--- Data shown ---
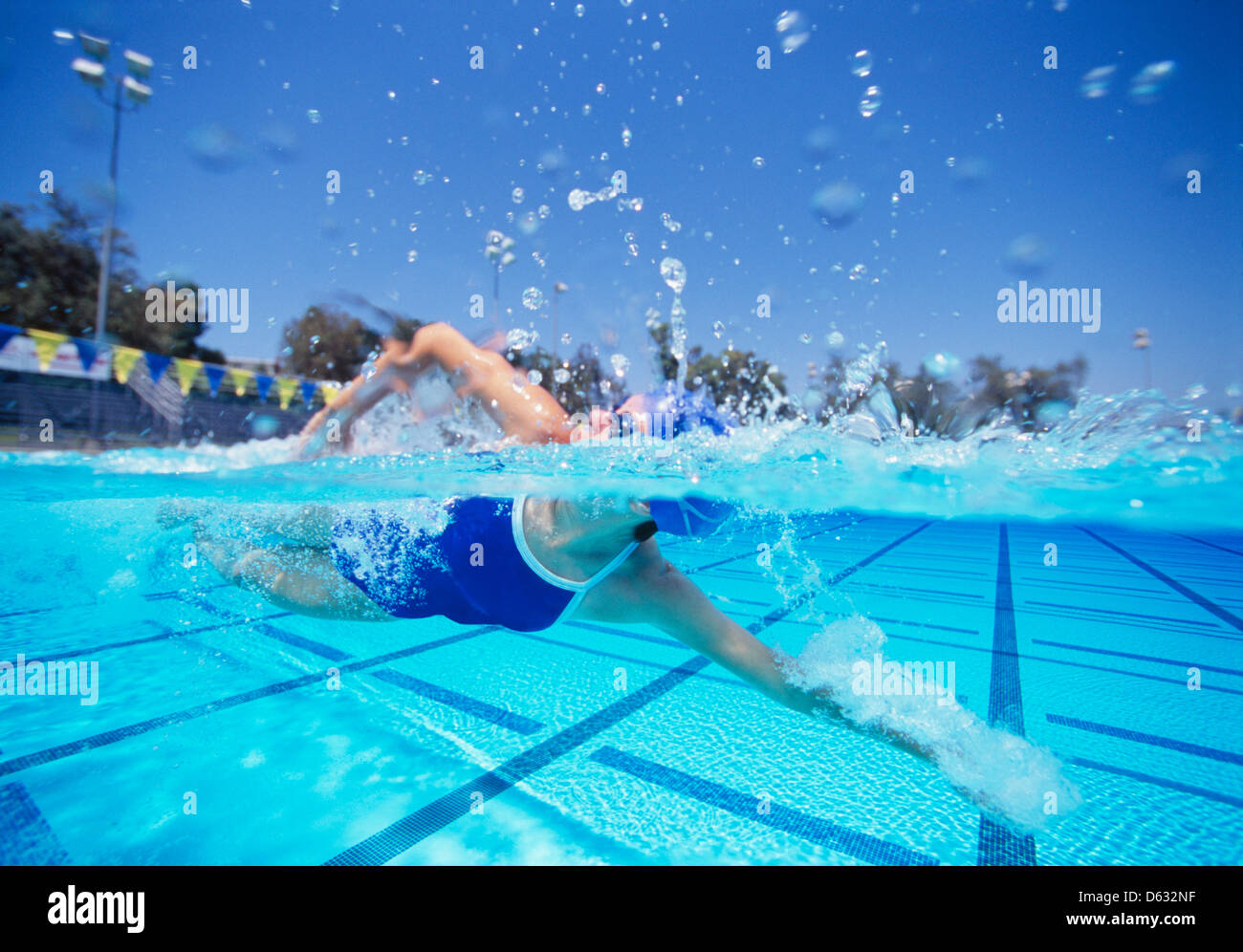 Weibliche Schwimmer in Vereinigten Staaten Badeanzug schwimmen im pool Stockfoto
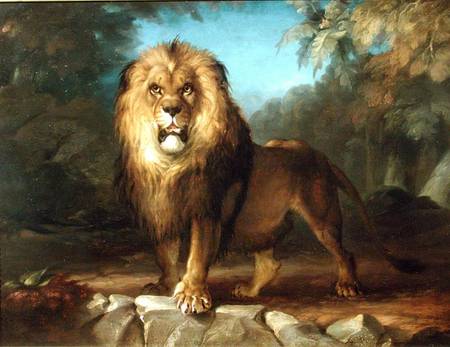 A Lion from William Huggins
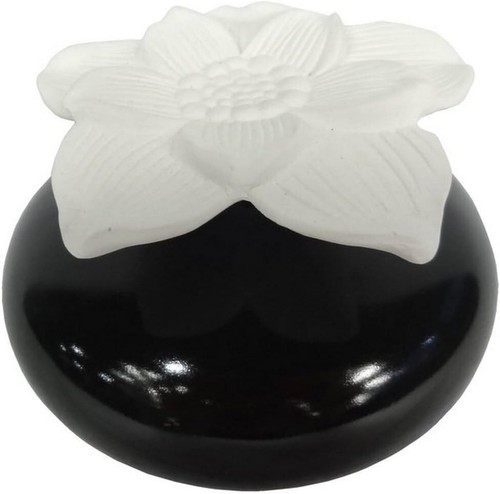 Diffuseur huiles - diffuseur, d'huiles
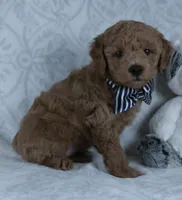 Leo, a male Miniature Goldendoodle for sale in Millersburg, OH – Photo 2 of 4
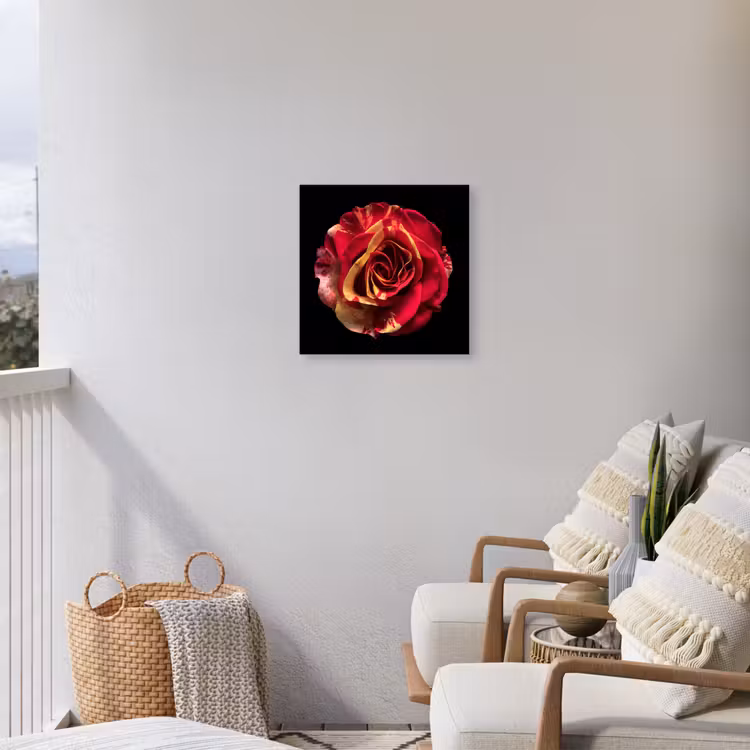 Bloem - Roos - Rood - Zwart Tuinposter op houten frame 2 cm dik klein -sfeer1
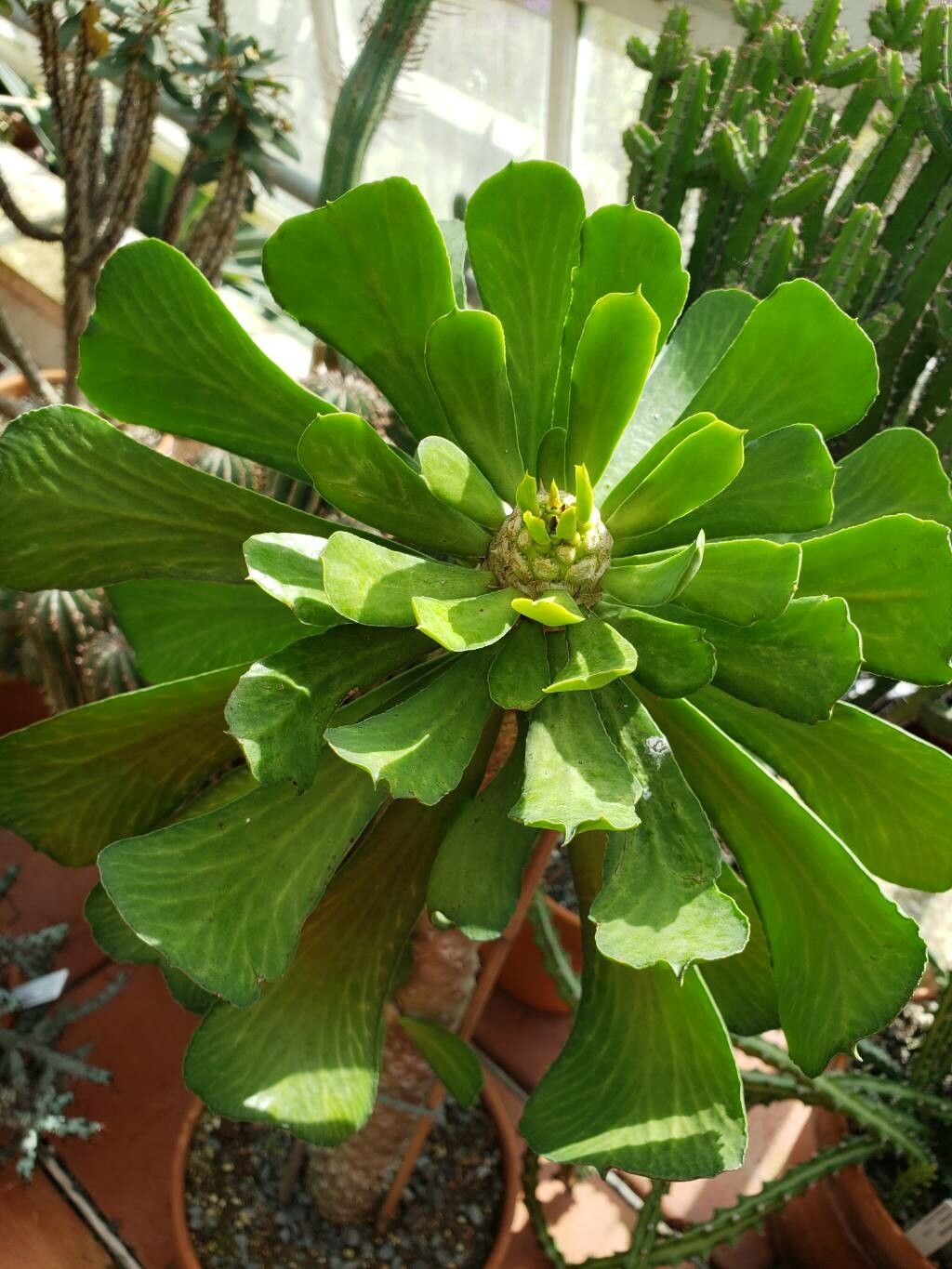 euphorbia venefica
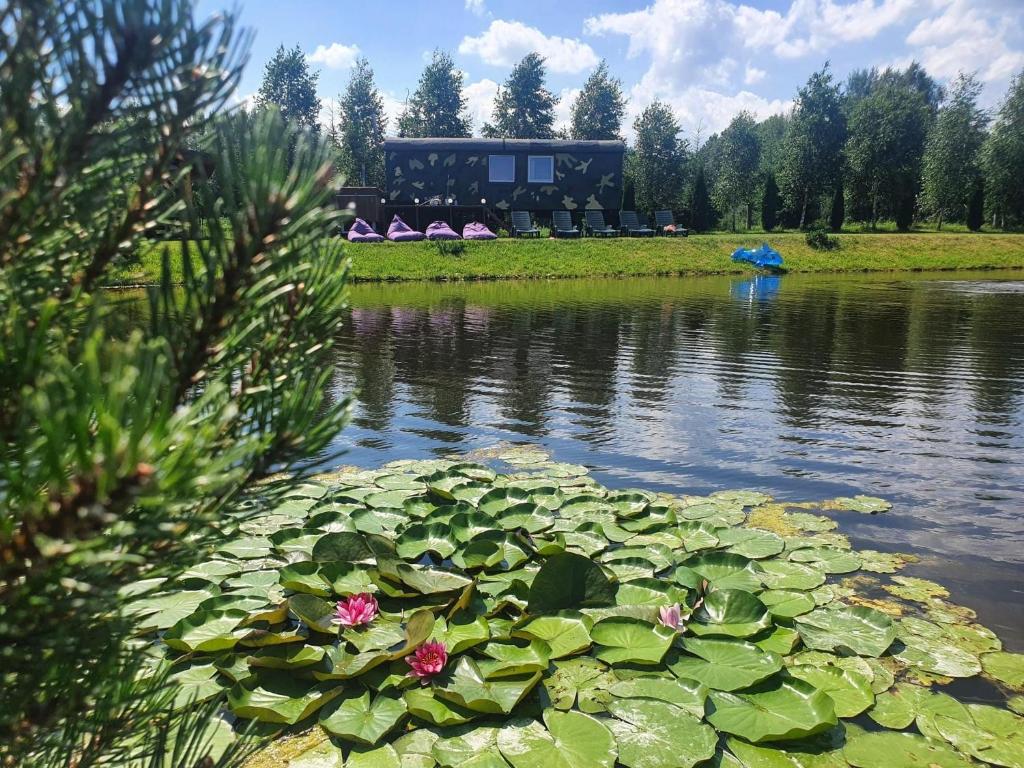 Příroda nedaleko luxury tent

--- What the exercise asks ---
The entries above are to be repeated exactly, except for any pictures.

--- Reply to the task ---
 Weibliche Schwimmer in Vereinigten Staaten Badeanzug schwimmen im pool Stockfoto
 A Lion from William Huggins
 Diffuseur huiles - diffuseur, d'huiles
 Leo, a male Miniature Goldendoodle for sale in Millersburg, OH – Photo 2 of 4
 Bloem - Roos - Rood - Zwart Tuinposter op houten frame 2 cm dik klein -sfeer1
 euphorbia venefica
 Příroda nedaleko luxury tent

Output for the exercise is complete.